At what age is there the greatest gender disparity in healthcare spending?

One of the issues that I've seen crop up with semi-regularity in this US election cycle is talk of gender-disparity in the rates charged for health insurance down there. CNN noted the following:

New research by the National Women's Law Center released Monday shows that, in states that have not banned gender rating, 92% of the top plans charge women more -- despite the fact that the vast majority of them do not cover maternity services.

I would have tended to assume that pregnancy would indeed account for the greatest difference in healthcare, but that appears to be false. What do you find if you look at data on the subject? Though women on average spend between more healthcare dollars at all ages excepting under 18:

... the greatest disparity in health care spending between men and women was in the population aged 45 to 64 years. In this age group, the median annual per capita expenditures for women were approximately 50% greater than for men ($2,871 vs. $1,849).

That's not an age range that many women become pregnant at. Even if maternity services aren't covered, insurers would seem to have a genuine reason for charging women higher rates. To quote the CDC:

... excluding pregnancy-related visits, women were 33 percent more likely than men to visit a doctor, although this difference decreased with age. The rate of doctor visits for such reasons as annual examinations and preventive services was 100 percent higher for women than for men and medication patterns differed significantly.

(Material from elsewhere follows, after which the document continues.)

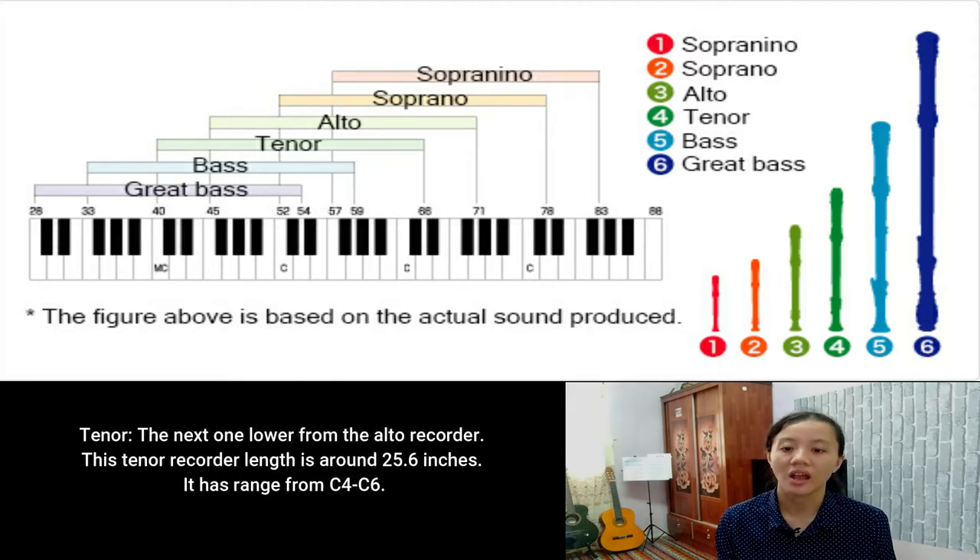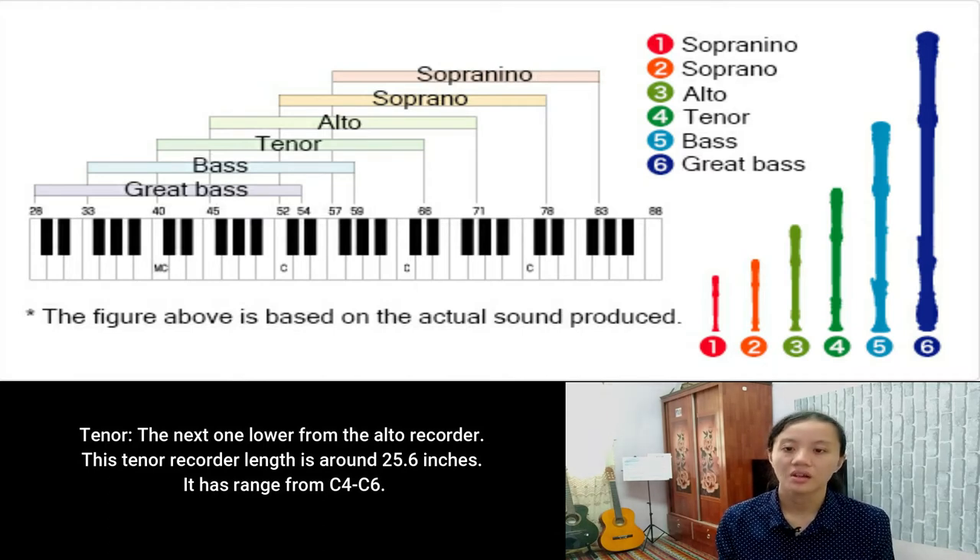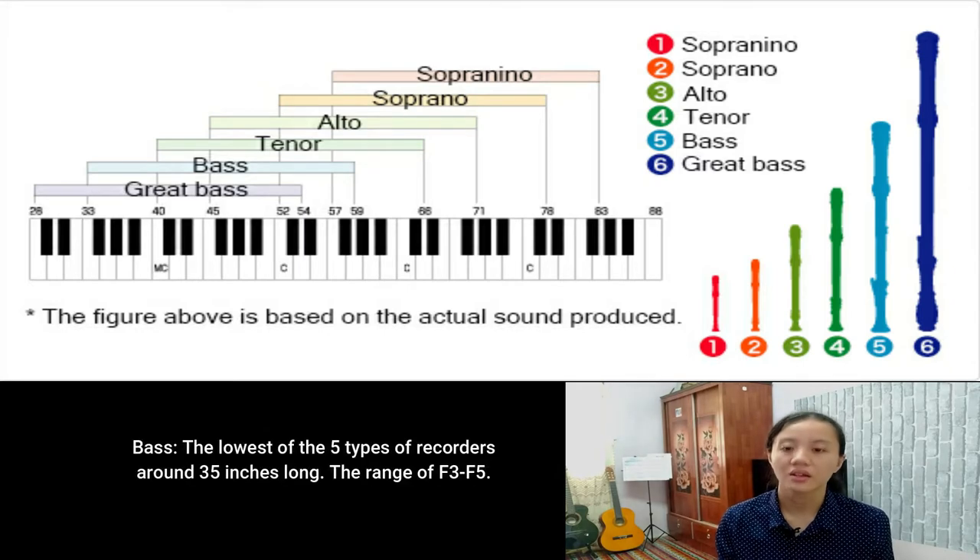Next is Tenor — lower than the Alto recorder. The Tenor recorder length is around 25.6 inches, with a range from C4 to C6. And lastly is Bass — the lowest of the five types, around 35 inches long. The range for this instrument is F3 to F5.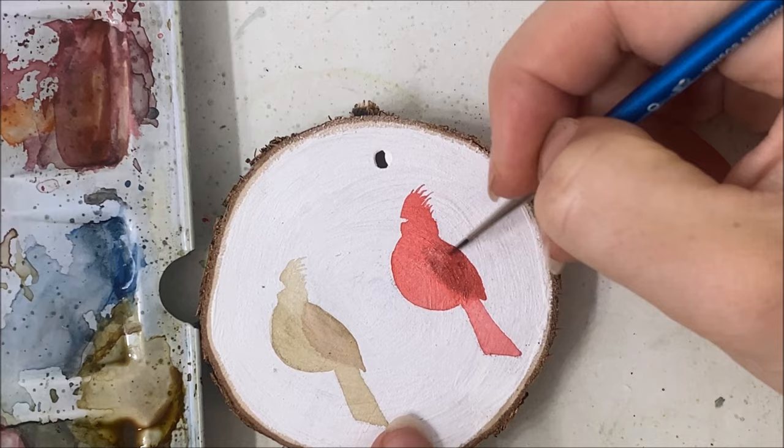Once you've got that down, you are basically done — those are our cardinals. That's a pretty quick and easy cardinal tutorial. Again, you don't need a wood slice — a watercolor piece of paper will be fine, and this would make a very beautiful Christmas card or greeting for the winter. I hope you guys enjoyed this one — please let me know what you think in the comments. Thanks for watching!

In Canada auto insurers are allowed to charge young men higher rates do to having a bona fide reason for this. A ruling by the EU a few years back that gender-discrimination in auto pricing had to end wasn't exactly met with a lot of enthusiasm by some - prompting headlines like Car insurance: why women face £300 rise in premiums.

Is it fair to charge women more for health insurance? Is it fair to charge men more for car insurance? ... or for life insurance? ... or to pay out at higher rates on annuities held by men? How do you deal with the reality of pregnancy? Could you, e.g., spread the costs of maternity coverage across the whole population but allow insurers to account for other gender-differences in healthcare costs? Should you ban gender-based pricing for all forms of insurance?